## WORK ORDER
Your answer must match the records word for word and contain no pictures.

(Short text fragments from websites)
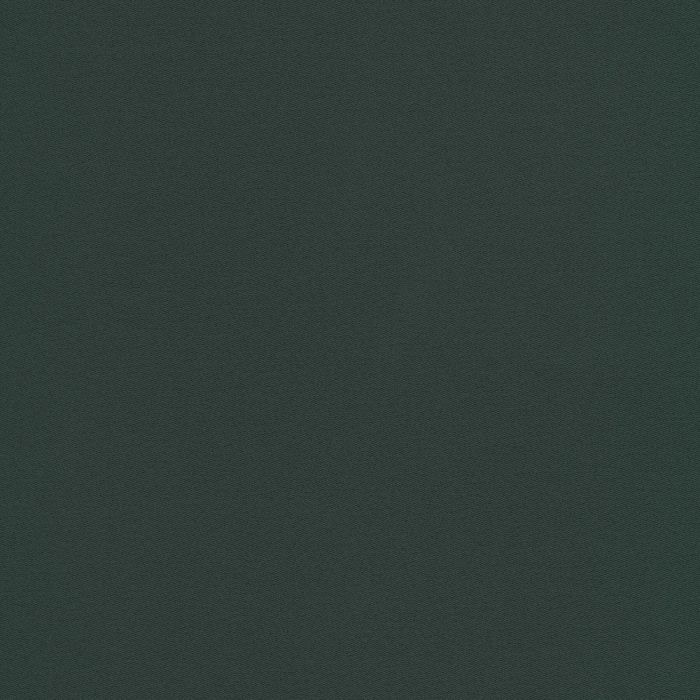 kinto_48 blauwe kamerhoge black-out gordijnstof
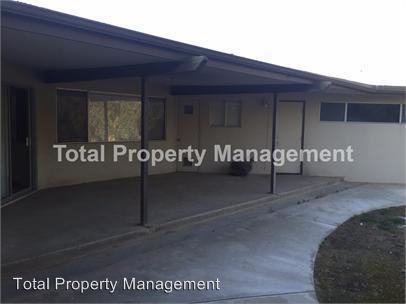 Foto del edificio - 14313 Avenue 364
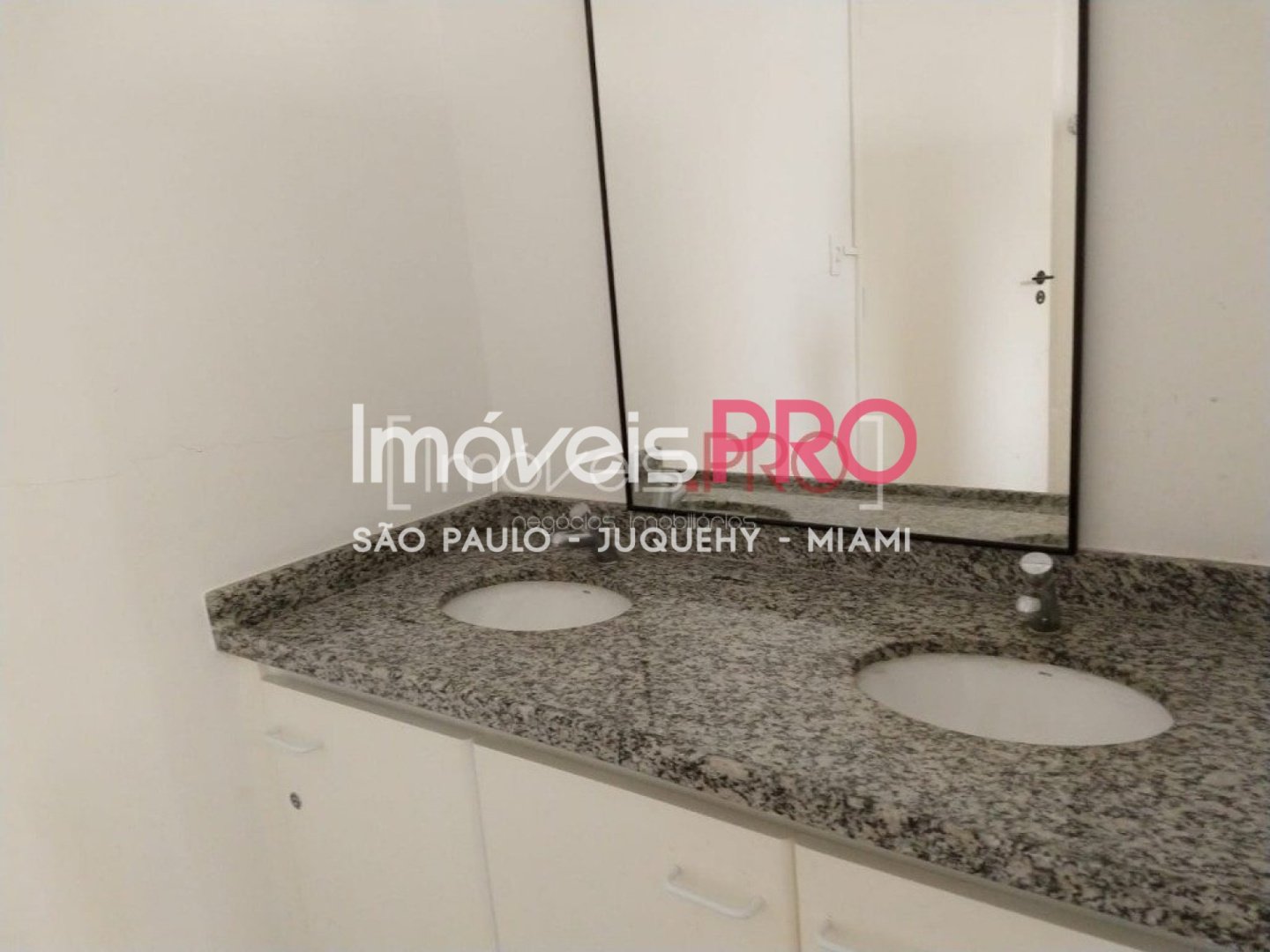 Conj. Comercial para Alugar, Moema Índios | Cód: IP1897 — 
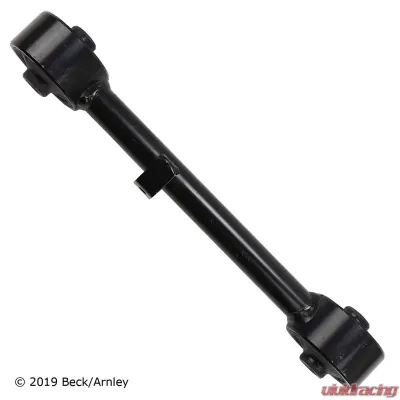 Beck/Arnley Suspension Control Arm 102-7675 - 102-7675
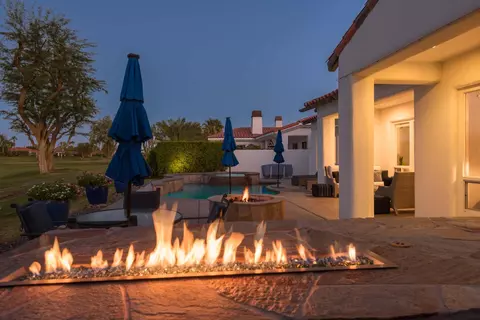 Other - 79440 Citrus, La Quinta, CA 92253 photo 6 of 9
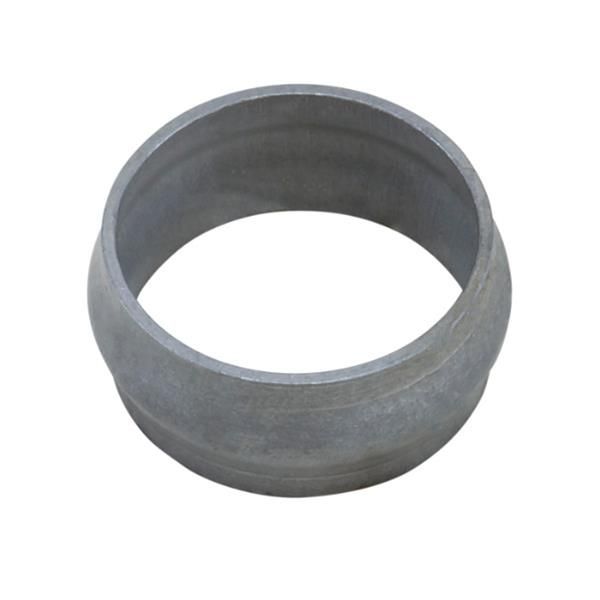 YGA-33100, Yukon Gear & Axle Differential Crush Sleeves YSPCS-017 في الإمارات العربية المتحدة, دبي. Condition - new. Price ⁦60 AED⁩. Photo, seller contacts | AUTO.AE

## OUTPUT OF THE EXERCISE
 kinto_48 blauwe kamerhoge black-out gordijnstof
 Foto del edificio - 14313 Avenue 364
 Conj. Comercial para Alugar, Moema Índios | Cód: IP1897 — 
 Beck/Arnley Suspension Control Arm 102-7675 - 102-7675
 Other - 79440 Citrus, La Quinta, CA 92253 photo 6 of 9
 YGA-33100, Yukon Gear & Axle Differential Crush Sleeves YSPCS-017 في الإمارات العربية المتحدة, دبي. Condition - new. Price ⁦60 AED⁩. Photo, seller contacts | AUTO.AE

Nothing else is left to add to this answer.